I just left the PC at work (using Python 2.7) and had a script that I was just finishing up (reproduced below). It ran fine at work, I just wanted to add one or two things. But I came home and am using my Mac's version of Python (3.2.2) and I get the following error:

Traceback (most recent call last):
  File "/Users/Downloads/sda/alias.py", line 25, in <module>
    for row_2 in in_csv:
  File "/Library/Frameworks/Python.framework/Versions/3.2/lib/python3.2/encodings/ascii.py", line 26, in decode
    return codecs.ascii_decode(input, self.errors)[0]
UnicodeDecodeError: 'ascii' codec can't decode byte 0xc3 in position 304: ordinal not in range(128)

My code is here:

import csv
inname = "Fund_Aliases.csv"
outname = "output.csv"

def first_word(value):
    return value.split(" ", 1)[0]

with open(inname, "r") as infile:
    with open(outname, "w") as out file:
      in_csv = csv.reader(infile)
      out_csv = csv.writer(outfile)

     column_names = next(in_csv)
     out_csv.writerow(column_names)

      id_index = column_names.index("id")
      name_index = column_names.index("name")

      try:
          row_1 = next(in_csv)
          written_row = False

          for row_2 in in_csv:
            if first_word(row_1[name_index]) == first_word(row_2[name_index]) and row_1[id_index] != row_2[id_index]:
                if not written_row:
                    out_csv.writerow(row_1)

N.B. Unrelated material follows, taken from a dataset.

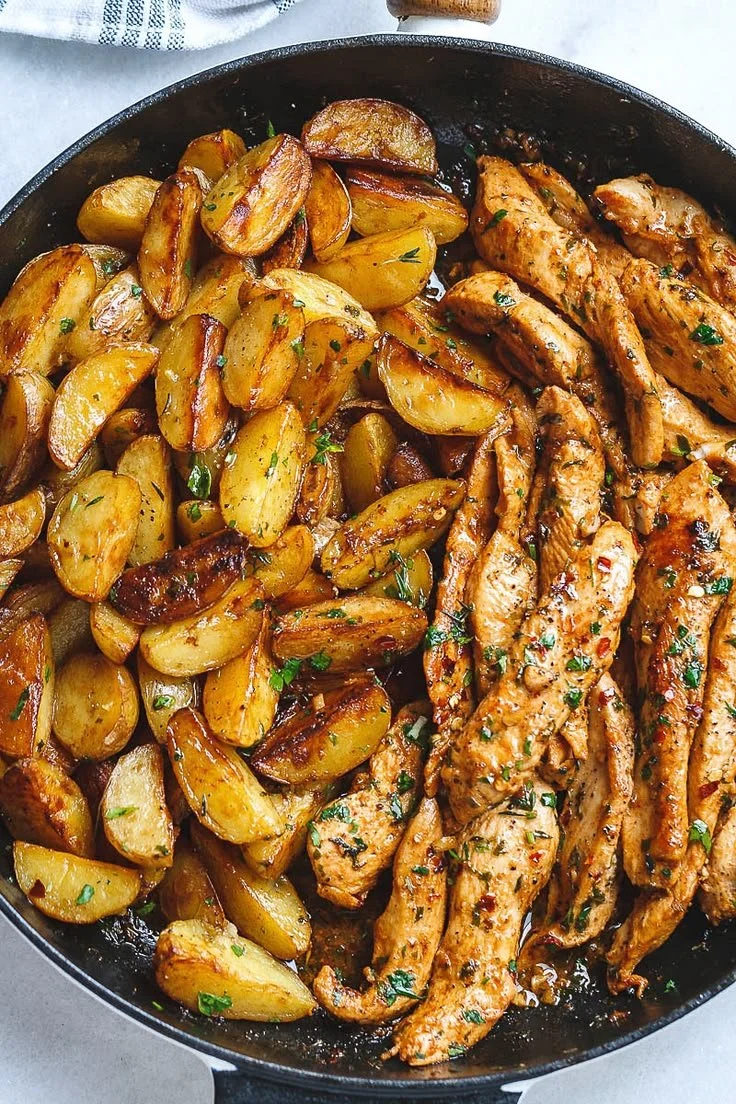 Plate of garlic butter chicken and potatoes, garnished with herbs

                out_csv.writerow(row_2)
                written_row = True
            else:
                written_row = False

            row_1 = row_2
      except StopIteration:
        # No data rows!
        pass

Answer

unutbu picture unutbu · Aug 11, 2012

It looks like Fund_Aliases.csv is not an ascii file.

According to the Python3 docs:

Since open() is used to open a CSV file for reading, the file will by default be decoded into unicode using the system default encoding (see locale.getpreferredencoding()). To decode a file using a different encoding, use the encoding argument of open:

with open('some.csv', newline='', encoding='utf-8') as f:
    reader = csv.reader(f)

So try specifying the encoding parameter.